* **Dataset records**:
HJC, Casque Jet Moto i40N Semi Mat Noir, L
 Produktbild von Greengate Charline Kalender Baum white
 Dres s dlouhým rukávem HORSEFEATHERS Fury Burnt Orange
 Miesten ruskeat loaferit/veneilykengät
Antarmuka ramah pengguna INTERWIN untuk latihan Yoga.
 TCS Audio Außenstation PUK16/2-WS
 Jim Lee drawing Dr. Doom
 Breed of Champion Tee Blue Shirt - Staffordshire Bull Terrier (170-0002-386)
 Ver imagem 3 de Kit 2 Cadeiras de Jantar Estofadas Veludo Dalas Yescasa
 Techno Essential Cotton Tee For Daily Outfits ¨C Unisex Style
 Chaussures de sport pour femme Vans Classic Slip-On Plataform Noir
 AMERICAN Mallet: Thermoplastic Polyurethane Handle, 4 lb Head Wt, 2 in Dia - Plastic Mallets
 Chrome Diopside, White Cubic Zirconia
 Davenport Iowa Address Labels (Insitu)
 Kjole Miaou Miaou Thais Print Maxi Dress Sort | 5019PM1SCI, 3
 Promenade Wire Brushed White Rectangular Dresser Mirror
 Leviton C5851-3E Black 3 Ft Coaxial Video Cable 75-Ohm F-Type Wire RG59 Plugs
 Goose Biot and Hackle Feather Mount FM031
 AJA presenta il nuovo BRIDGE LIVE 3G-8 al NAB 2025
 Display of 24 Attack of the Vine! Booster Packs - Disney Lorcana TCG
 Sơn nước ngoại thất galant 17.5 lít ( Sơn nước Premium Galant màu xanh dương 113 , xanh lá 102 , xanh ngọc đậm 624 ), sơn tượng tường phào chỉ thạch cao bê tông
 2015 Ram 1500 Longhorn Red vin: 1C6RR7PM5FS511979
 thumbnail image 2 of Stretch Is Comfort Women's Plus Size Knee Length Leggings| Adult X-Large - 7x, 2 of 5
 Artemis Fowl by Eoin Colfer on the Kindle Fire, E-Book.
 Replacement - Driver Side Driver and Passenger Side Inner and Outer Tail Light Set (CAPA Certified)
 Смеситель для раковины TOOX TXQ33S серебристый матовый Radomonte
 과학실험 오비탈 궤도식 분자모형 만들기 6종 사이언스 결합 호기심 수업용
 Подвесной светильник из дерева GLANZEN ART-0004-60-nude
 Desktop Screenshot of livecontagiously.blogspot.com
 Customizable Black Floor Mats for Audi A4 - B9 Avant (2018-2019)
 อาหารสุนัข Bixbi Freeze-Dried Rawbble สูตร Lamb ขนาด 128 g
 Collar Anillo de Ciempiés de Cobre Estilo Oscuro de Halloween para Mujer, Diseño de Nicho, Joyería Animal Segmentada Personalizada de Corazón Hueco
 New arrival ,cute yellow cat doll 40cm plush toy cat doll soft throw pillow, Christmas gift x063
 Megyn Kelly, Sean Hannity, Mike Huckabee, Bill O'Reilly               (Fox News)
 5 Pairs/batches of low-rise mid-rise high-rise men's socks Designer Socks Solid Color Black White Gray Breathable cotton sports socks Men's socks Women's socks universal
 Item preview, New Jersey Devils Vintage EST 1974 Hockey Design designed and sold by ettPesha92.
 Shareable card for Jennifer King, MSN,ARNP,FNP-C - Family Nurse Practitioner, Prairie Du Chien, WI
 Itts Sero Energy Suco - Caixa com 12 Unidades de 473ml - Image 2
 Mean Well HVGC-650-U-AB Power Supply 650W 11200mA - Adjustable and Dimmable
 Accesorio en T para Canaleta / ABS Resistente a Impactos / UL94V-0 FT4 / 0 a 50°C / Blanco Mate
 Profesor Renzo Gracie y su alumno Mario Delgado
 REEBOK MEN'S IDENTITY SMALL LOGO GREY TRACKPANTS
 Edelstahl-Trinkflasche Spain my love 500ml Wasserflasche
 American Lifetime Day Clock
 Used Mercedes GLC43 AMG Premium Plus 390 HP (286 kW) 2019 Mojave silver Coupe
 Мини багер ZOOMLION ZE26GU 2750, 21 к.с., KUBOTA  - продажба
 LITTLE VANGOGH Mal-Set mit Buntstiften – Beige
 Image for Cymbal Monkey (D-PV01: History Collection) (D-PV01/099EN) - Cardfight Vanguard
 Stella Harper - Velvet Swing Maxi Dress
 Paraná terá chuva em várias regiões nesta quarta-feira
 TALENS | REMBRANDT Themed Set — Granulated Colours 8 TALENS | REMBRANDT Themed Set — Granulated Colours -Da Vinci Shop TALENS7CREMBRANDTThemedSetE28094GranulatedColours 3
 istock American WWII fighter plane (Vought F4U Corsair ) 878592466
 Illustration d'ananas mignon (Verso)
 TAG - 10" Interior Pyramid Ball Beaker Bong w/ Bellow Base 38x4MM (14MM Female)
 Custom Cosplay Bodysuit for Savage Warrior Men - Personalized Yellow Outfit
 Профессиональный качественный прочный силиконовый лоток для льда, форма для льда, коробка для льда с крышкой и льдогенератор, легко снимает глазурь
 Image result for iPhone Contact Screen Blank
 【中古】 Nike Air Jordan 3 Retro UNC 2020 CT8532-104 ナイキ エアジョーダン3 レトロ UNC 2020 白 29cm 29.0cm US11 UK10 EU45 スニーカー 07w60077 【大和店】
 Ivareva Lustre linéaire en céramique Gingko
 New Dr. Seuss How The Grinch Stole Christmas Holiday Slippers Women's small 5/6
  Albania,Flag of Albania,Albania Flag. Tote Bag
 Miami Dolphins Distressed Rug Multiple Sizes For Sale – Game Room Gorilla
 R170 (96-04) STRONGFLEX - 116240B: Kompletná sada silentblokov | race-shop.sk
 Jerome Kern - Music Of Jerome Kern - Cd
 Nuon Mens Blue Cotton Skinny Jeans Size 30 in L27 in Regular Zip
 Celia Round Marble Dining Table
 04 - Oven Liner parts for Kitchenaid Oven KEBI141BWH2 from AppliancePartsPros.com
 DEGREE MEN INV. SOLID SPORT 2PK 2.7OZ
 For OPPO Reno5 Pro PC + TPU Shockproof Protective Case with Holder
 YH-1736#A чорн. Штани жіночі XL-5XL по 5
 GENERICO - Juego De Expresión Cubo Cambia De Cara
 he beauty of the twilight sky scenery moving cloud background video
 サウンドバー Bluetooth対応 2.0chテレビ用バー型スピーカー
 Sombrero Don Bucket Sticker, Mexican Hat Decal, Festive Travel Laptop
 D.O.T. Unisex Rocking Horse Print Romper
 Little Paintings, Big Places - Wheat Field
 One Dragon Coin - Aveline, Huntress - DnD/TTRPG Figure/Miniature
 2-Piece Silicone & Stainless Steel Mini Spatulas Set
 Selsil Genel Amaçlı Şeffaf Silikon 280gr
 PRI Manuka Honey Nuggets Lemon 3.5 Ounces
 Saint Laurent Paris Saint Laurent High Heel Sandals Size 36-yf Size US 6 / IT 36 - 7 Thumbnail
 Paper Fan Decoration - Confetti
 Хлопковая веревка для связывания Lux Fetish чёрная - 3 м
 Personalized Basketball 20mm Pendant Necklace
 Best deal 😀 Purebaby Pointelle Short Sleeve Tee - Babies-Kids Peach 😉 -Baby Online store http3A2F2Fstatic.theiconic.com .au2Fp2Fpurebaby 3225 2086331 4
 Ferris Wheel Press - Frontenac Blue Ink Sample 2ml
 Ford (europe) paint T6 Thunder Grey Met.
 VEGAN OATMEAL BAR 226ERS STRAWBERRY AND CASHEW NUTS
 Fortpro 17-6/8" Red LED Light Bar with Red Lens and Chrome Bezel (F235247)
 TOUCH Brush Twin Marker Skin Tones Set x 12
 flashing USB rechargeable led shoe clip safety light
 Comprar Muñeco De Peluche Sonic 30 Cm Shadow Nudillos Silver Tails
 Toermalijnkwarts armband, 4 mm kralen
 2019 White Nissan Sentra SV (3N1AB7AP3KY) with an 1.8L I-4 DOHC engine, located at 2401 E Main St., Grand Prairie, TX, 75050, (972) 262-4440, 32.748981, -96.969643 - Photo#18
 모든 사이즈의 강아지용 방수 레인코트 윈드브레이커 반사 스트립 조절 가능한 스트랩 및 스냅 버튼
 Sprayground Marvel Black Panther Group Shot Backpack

* **Task**: Your task is to retype the entries verbatim, starting with the line that holds "อาหารสุนัข Bixbi Freeze-Dried" and stopping after the line that holds "Image result for iPhone Contact Screen Blank".

* **Task answer**:
 อาหารสุนัข Bixbi Freeze-Dried Rawbble สูตร Lamb ขนาด 128 g
 Collar Anillo de Ciempiés de Cobre Estilo Oscuro de Halloween para Mujer, Diseño de Nicho, Joyería Animal Segmentada Personalizada de Corazón Hueco
 New arrival ,cute yellow cat doll 40cm plush toy cat doll soft throw pillow, Christmas gift x063
 Megyn Kelly, Sean Hannity, Mike Huckabee, Bill O'Reilly               (Fox News)
 5 Pairs/batches of low-rise mid-rise high-rise men's socks Designer Socks Solid Color Black White Gray Breathable cotton sports socks Men's socks Women's socks universal
 Item preview, New Jersey Devils Vintage EST 1974 Hockey Design designed and sold by ettPesha92.
 Shareable card for Jennifer King, MSN,ARNP,FNP-C - Family Nurse Practitioner, Prairie Du Chien, WI
 Itts Sero Energy Suco - Caixa com 12 Unidades de 473ml - Image 2
 Mean Well HVGC-650-U-AB Power Supply 650W 11200mA - Adjustable and Dimmable
 Accesorio en T para Canaleta / ABS Resistente a Impactos / UL94V-0 FT4 / 0 a 50°C / Blanco Mate
 Profesor Renzo Gracie y su alumno Mario Delgado
 REEBOK MEN'S IDENTITY SMALL LOGO GREY TRACKPANTS
 Edelstahl-Trinkflasche Spain my love 500ml Wasserflasche
 American Lifetime Day Clock
 Used Mercedes GLC43 AMG Premium Plus 390 HP (286 kW) 2019 Mojave silver Coupe
 Мини багер ZOOMLION ZE26GU 2750, 21 к.с., KUBOTA  - продажба
 LITTLE VANGOGH Mal-Set mit Buntstiften – Beige
 Image for Cymbal Monkey (D-PV01: History Collection) (D-PV01/099EN) - Cardfight Vanguard
 Stella Harper - Velvet Swing Maxi Dress
 Paraná terá chuva em várias regiões nesta quarta-feira
 TALENS | REMBRANDT Themed Set — Granulated Colours 8 TALENS | REMBRANDT Themed Set — Granulated Colours -Da Vinci Shop TALENS7CREMBRANDTThemedSetE28094GranulatedColours 3
 istock American WWII fighter plane (Vought F4U Corsair ) 878592466
 Illustration d'ananas mignon (Verso)
 TAG - 10" Interior Pyramid Ball Beaker Bong w/ Bellow Base 38x4MM (14MM Female)
 Custom Cosplay Bodysuit for Savage Warrior Men - Personalized Yellow Outfit
 Профессиональный качественный прочный силиконовый лоток для льда, форма для льда, коробка для льда с крышкой и льдогенератор, легко снимает глазурь
 Image result for iPhone Contact Screen Blank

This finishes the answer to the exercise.